LabVIEW

Thank you so much Jim! This helps immensely. I am kinda a Math guy, so now this makes total sense.

Yes, you are correct. My (X values) are the ones that change. Y range remains the same. For any range of X values, my Y values are from 0 to 13. So, from your vi, I wouldn't have to calculate Y_new as you have done.

This really helps. I will try it out and let you know how it works. Have a good day!

VB

Also, I see from the vi that you have generated some Y_old values for interval (X_0_old, X_n_old). But, from my initial calibration process, I already have 20 points, i.e. I have data for (X_0_old, X_n_old) --> (Y_0_old, Y_n_old). So to reproduce your vi for my application, I can just read off of that data without the need to generate Y values. And, I also have the old polynomial coefficients. I will reproduce my vi from yours and post it and please do take a look. Thanks!

Hi Jim,

Please find attached vi and data from my application. I have used the first method described in your vi. The reverse mapping method is not getting into my head. I will look at it again. Please point out any flaws in my vi.

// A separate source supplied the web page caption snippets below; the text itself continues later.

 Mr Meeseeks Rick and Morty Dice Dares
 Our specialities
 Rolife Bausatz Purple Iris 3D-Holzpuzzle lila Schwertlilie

Here, we are assuming linear shift of end points. What if the shift is not exactly linear? What if it is random? FOr eg. (X_0_old,X_n_old) = (2,5) shifts to (2.2, 4.9) or (2.1,6) etc. Can linear fit be a good approximation of the shift of end points to reconstitute new X values? Can we do a polynomial evaluation as opposed to linear evaluation to better approximate the shift?

Thanks!

P.S. If I were to understand reverse mapping, Can I interchange the inputs to the linear fit vi? (X old) would be Y vaues and (X new) would be X values as opposed to how your vi shows? Is that all there is?

I think the only way to determine if the linear shift idea is valid is to either derive/analyze the root cause of the shifts from first principles, or sample enough instances of a shift (before and after) to convince yourself that the shift is as expected.  If it is not linear, then it becomes more important to understand the underlying cause of the shifts, so that a mapping can be modeled properly.  Otherwise you may just as well perform a new calibration from scratch.

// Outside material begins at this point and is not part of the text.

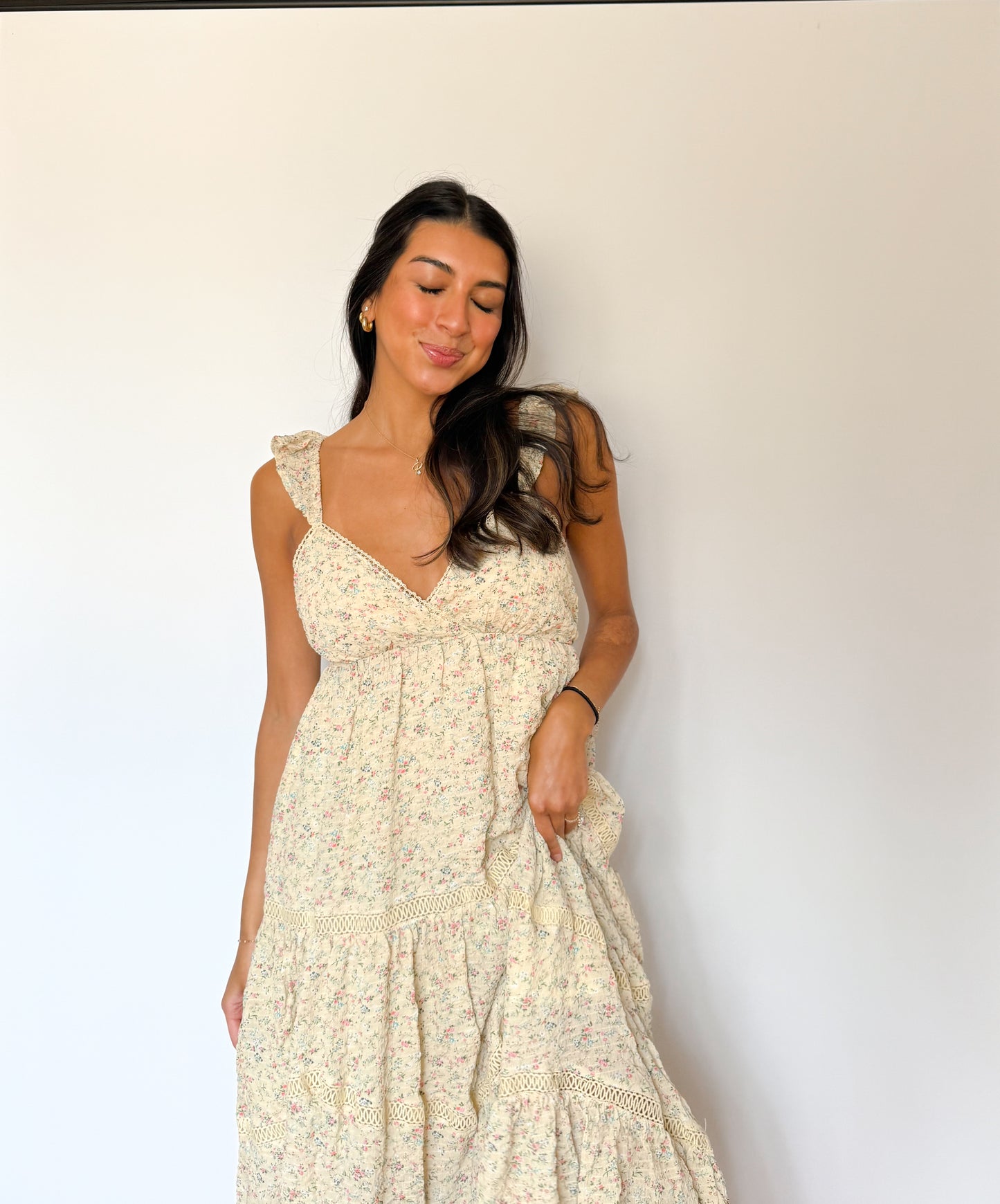 sunshine floral maxi dress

"P.S. If I were to understand reverse mapping, Can I interchange the inputs to the linear fit vi? (X old) would be Y vaues and (X new) would be X values as opposed to how your vi shows? Is that all there is?"

Yes.  In the code I wanted to view the forward mapping using the indicators.  Then I reversed the mapping.  To compute the reverse mapping directly just swap the inputs as you mention.

-Jim

Jim! Thank you for that clear explanation. I do know the under lying cause of the shift. It is the mechanical design of my design that causes it. If there is a misalignment between the transmitter and receiver of my fiber optic system, I get a different voltage everytime. And I cant estimate what sort of misalignment can lead me to believe it is a linear shift. But, as an estimate, I thought, assuming a linear shift could reduce my errors and save me time in actually doing the whole calibration process from scratch.